Ekman è stato il primo a cercare la verità.

"Ekman ha un'esperienza di formazione intensiva e non ha pubblicato alcuno studio corrispondente che possa avvalorare le sue cifre.

"L'idea di Ekman di utilizzare le microespressioni per rilevare l'inganno non è presa particolarmente sul serio da molti ricercatori", afferma la psicologa giuridica Kristina Suchotzki dell'Università di Mainz. Non solo per la mancanza di prove empiriche: c'è anche una mancanza di teoria. "Se qualcuno ha paura durante un interrogatorio, non significa che stia mentendo. Non si può dedurre l'inganno da un'emozione."

Uno dei pochi studi che ha fatto è stato quello di riconoscere le microespressioni per riconoscere l'inganno.

I genitori non giudicavano i loro figli meglio degli estranei

"Gli effetti sono così evidenti che non si tratta di una mera questione di sicurezza".

"Gli effetti sono così piccoli e instabili che non aiutano a riconoscere le bugie nella pratica", afferma Kristina Suchotzki. Le caratteristiche linguistiche si sono rivelate un po' più significative. "Ma anche questi effetti non sono grandi e i risultati potrebbero essere troppo ottimistici."

Naturalmente, se il gruppo avesse commesso un furto fasullo, avrebbe potuto essere in grado di rispondere alle domande di un cliente.

In termini di linguaggio del corpo, i parenti colpevoli non differivano da quelli innocenti, come ha rivelato il confronto di 75.000 immagini fisse. Ma i volti dei colpevoli mostravano più segni di emozioni nascoste come gioia e finta tristezza, riferiscono i due autori. "Le persone innocenti mostravano un dolore e un'angoscia reali, a pieno viso".

Inoltre, i colpevoli mostravano più emozioni nascoste, come la gioia e la finta tristezza.

Inoltre, i colpevoli hanno usato più del doppio di frasi vaghe, ad esempio: "Qualcuno deve sapere qualcosa, da qualche parte. Io penso di sì. I veri appelli erano più chiari e diretti: "Non puoi immaginare cosa significhi Sarah per noi. Siamo una famiglia forte e non sopravviviamo bene separati. Abbiamo bisogno che torni a casa ora, oggi, il prima possibile."

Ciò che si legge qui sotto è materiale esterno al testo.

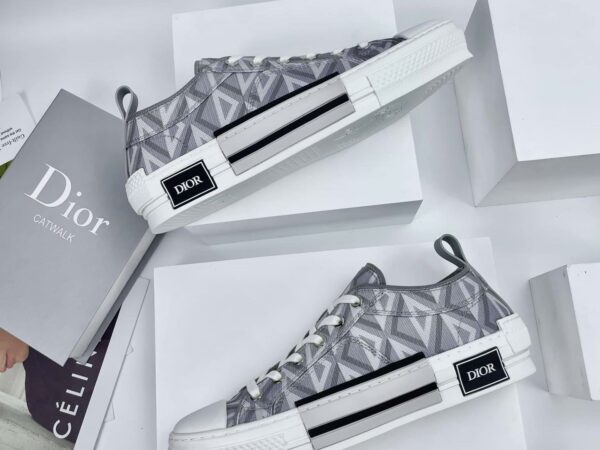 Giày Dior B23 Low Top Sneaker Dior Gray CD Diamond Canvas Like Auth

Una bugia sicura può essere più credibile di una verità balbettata

Non sapere cosa succede negli altri può costarci caro. Il buon senso per la verità dovrebbe quindi aver prevalso nell'evoluzione. Eppure ci lasciamo ingannare facilmente. Forse è questo il lato negativo della convivenza civile: le piccole e innocue bugie quotidiane ci hanno insegnato a essere creduloni.

Perché molte persone pensano ancora di poter vedere le bugie? Se si capovolge la domanda, la risposta è ovvia: e se le bugie e la verità fossero come due piselli in un baccello? Se i colpevoli la facessero franca e gli innocenti pagassero al loro posto? Questo pensiero è difficile da sopportare, scrive Maria Hartwig. "Vogliamo credere che i bugiardi si tradiscano da soli."

Suggerimento della redazione di Galaxus: Ricky Gervais ha mostrato come sarebbe un mondo in cui nessuno mente nella sua commedia "The Invention of Lying".